Quoting Devdas Bhagat devdas@dvb.homelinux.org:
On 17/08/06 02:40 -0700, lawgon@au-kbc.org wrote:
Quoting Devdas Bhagat devdas@dvb.homelinux.org:
<snip> > > Which works on the assumption that people using/deriving BSD code want > > to stay in sync with HEAD. > > > > I don't know of too many projects doing this. They usually use the BSD > > stuff as a way to get to a running start, but not much beyond that. > > again postgresql, django, zope, lighttpd, apache?, subversion? > And how many of those have been rolled into closed products with significant changes, and kept on going that way?

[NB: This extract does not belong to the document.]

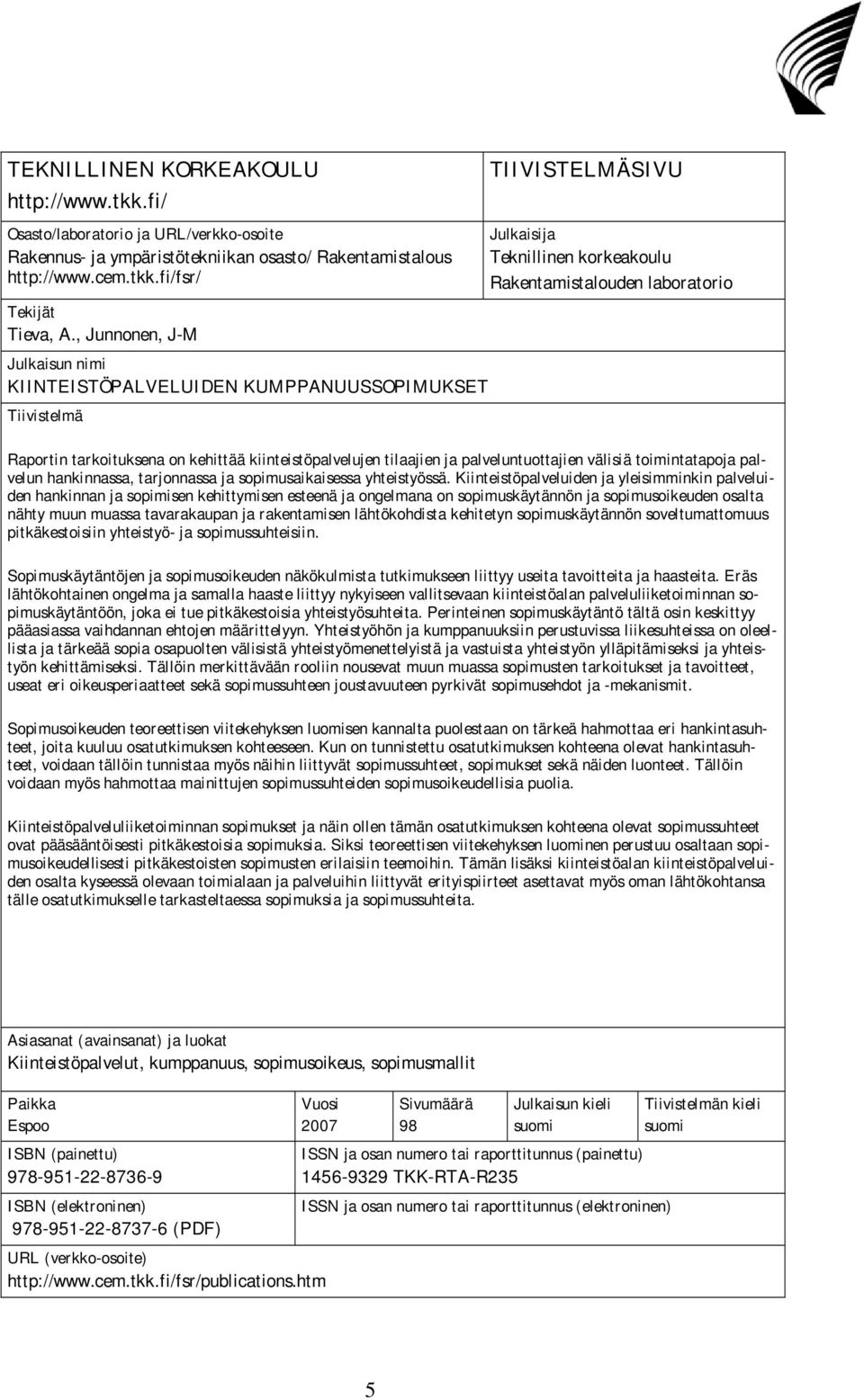 kiinteistöpalvelujen tilaajien ja palveluntuottajien välisiä toimintatapoja palvelun hankinnassa, tarjonnassa ja sopimusaikaisessa yhteistyössä.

does it matter - if software is free shouldnt people be free to roll them into their closed source projects. Not a nice thing to do, i agree, but certainly allowable. The reason why mysql doesnt give commit rights to people who are either not employed by them or not on contract with them is because of the whole hassle of who owns what is committed - which means they lose a lot of potential committers and commits. Postgresql doesnt have that problem. If you are good enough, you get commit rights. After all in the last analysis, if i 'write' code and own copyright in it, the question is 'how much did i write?'. At the most just an incremental improvement on the work of lakhs of others. So why worry overmuch about someone 'stealing' it. These things may have been relevant 10 years ago - they are not relevant now.